[What you should do]: Restate the listing below exactly, images excluded.
Records for processing below:
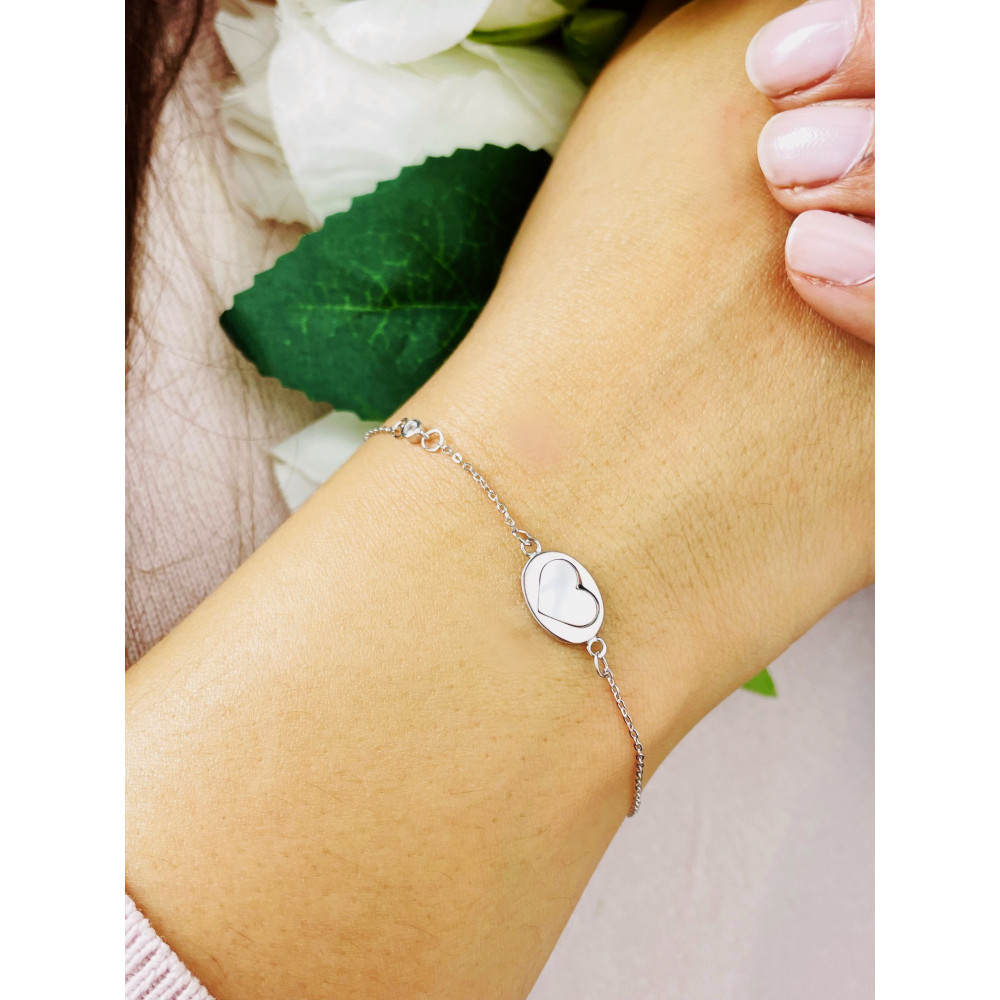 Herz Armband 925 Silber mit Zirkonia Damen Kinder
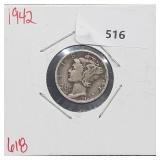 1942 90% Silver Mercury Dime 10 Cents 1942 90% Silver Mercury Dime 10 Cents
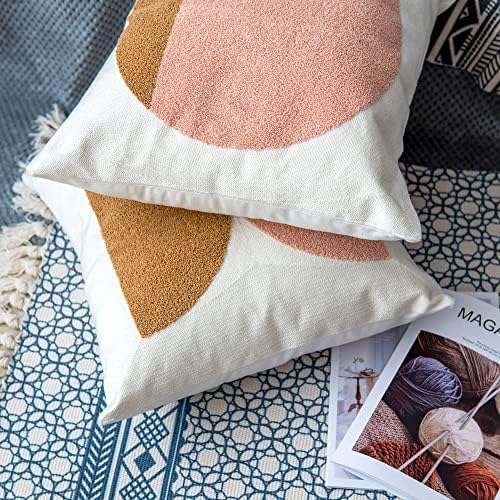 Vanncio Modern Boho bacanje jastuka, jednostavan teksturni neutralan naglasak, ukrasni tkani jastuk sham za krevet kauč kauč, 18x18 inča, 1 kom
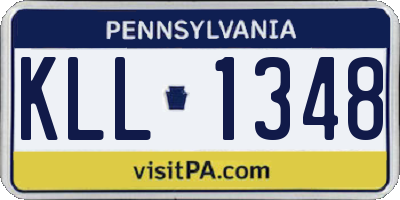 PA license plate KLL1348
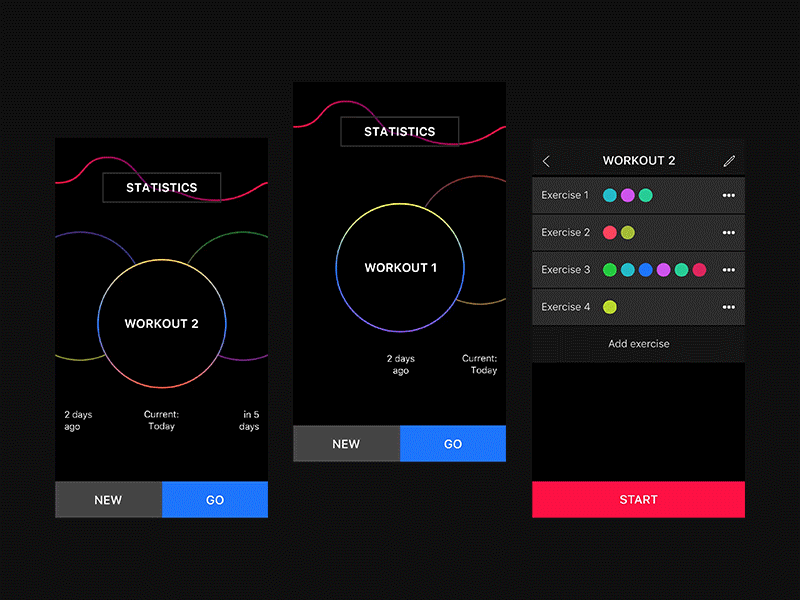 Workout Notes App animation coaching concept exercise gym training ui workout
End of Records for processing.
[Your response]:
 Herz Armband 925 Silber mit Zirkonia Damen Kinder
 1942 90% Silver Mercury Dime 10 Cents 1942 90% Silver Mercury Dime 10 Cents
 Vanncio Modern Boho bacanje jastuka, jednostavan teksturni neutralan naglasak, ukrasni tkani jastuk sham za krevet kauč kauč, 18x18 inča, 1 kom
 PA license plate KLL1348
 Workout Notes App animation coaching concept exercise gym training ui workout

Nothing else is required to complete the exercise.